Exercise description — Exactly as they appear below, repeat the lines from the one with "남성역 숯불 닭구이/닭갈비 로컬 식당" through the one with "别墅 Admiral's House Chalki Town". Drop every picture.

Source records —
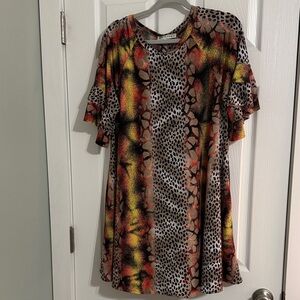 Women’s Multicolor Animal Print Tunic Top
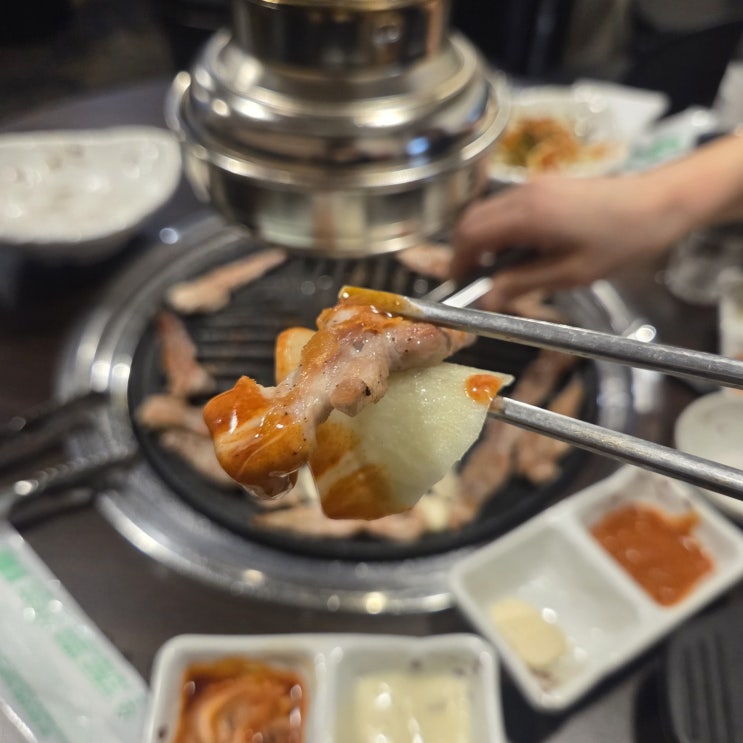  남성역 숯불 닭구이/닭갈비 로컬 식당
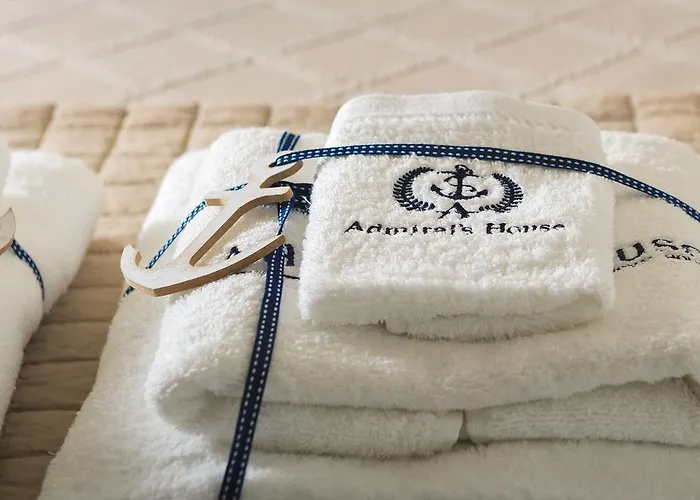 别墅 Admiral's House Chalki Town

* * *

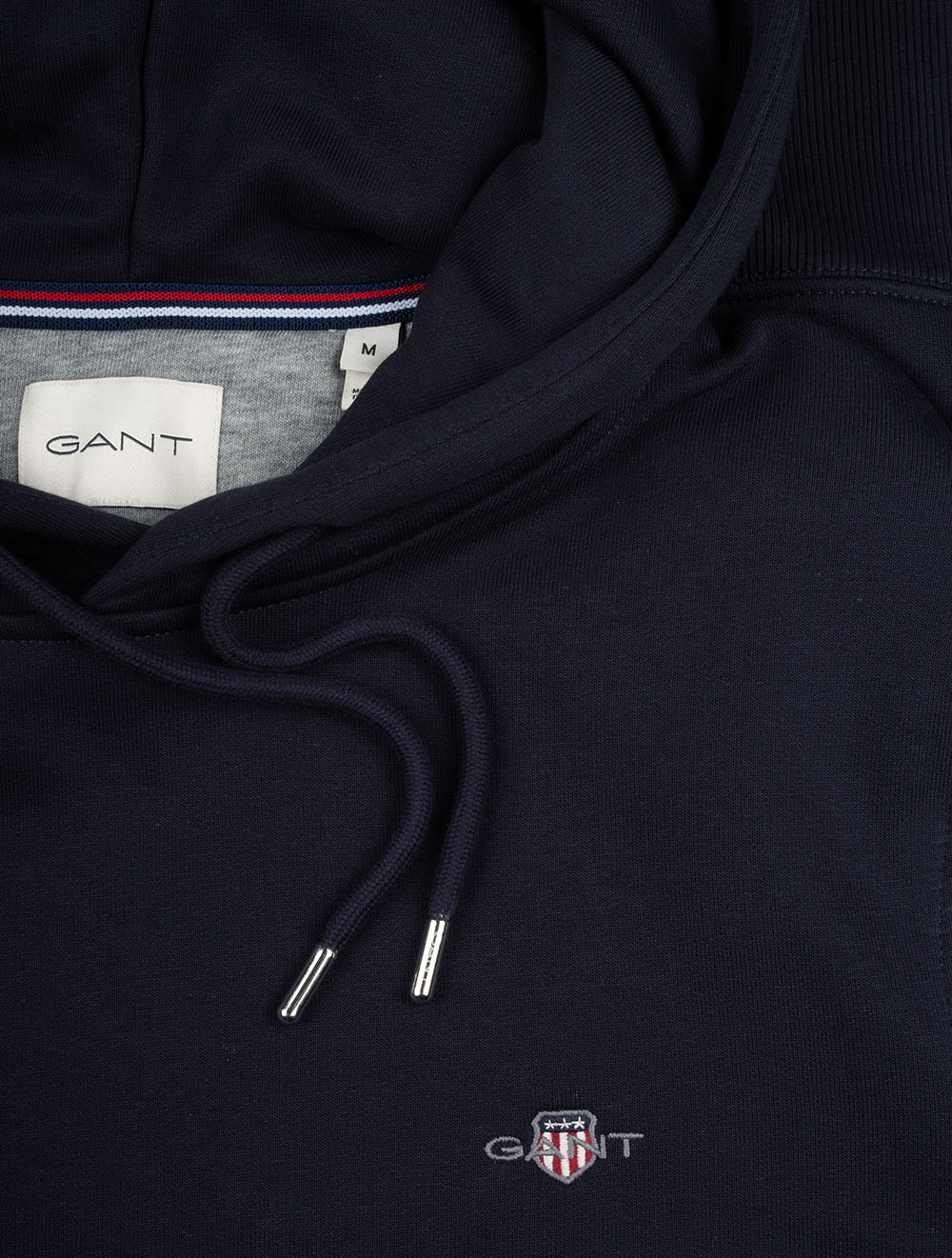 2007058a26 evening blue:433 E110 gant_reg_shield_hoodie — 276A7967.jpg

---

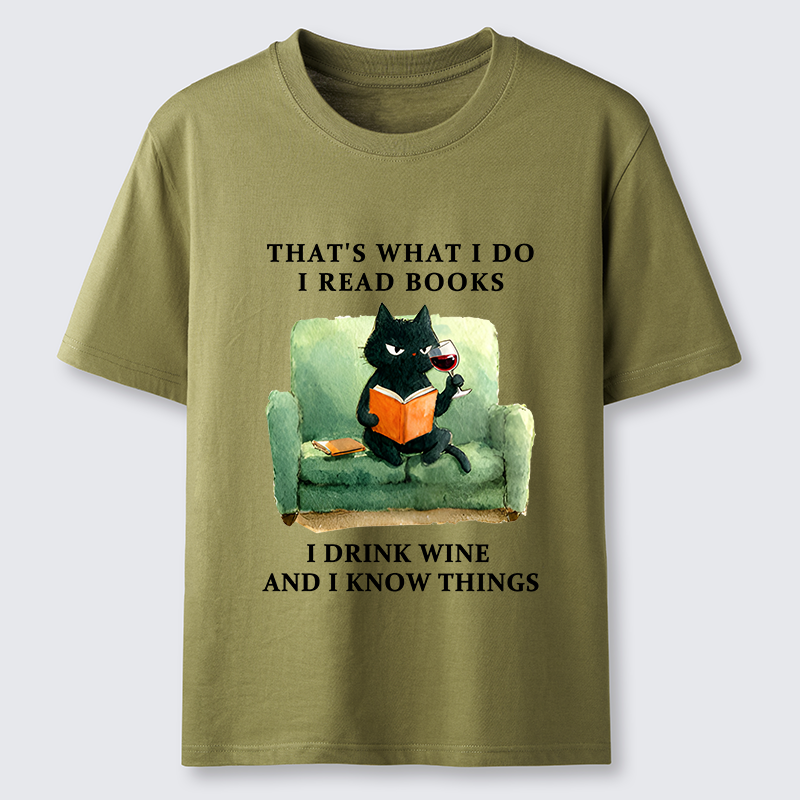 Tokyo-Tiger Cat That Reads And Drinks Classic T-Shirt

Output for this exercise —
  남성역 숯불 닭구이/닭갈비 로컬 식당
 别墅 Admiral's House Chalki Town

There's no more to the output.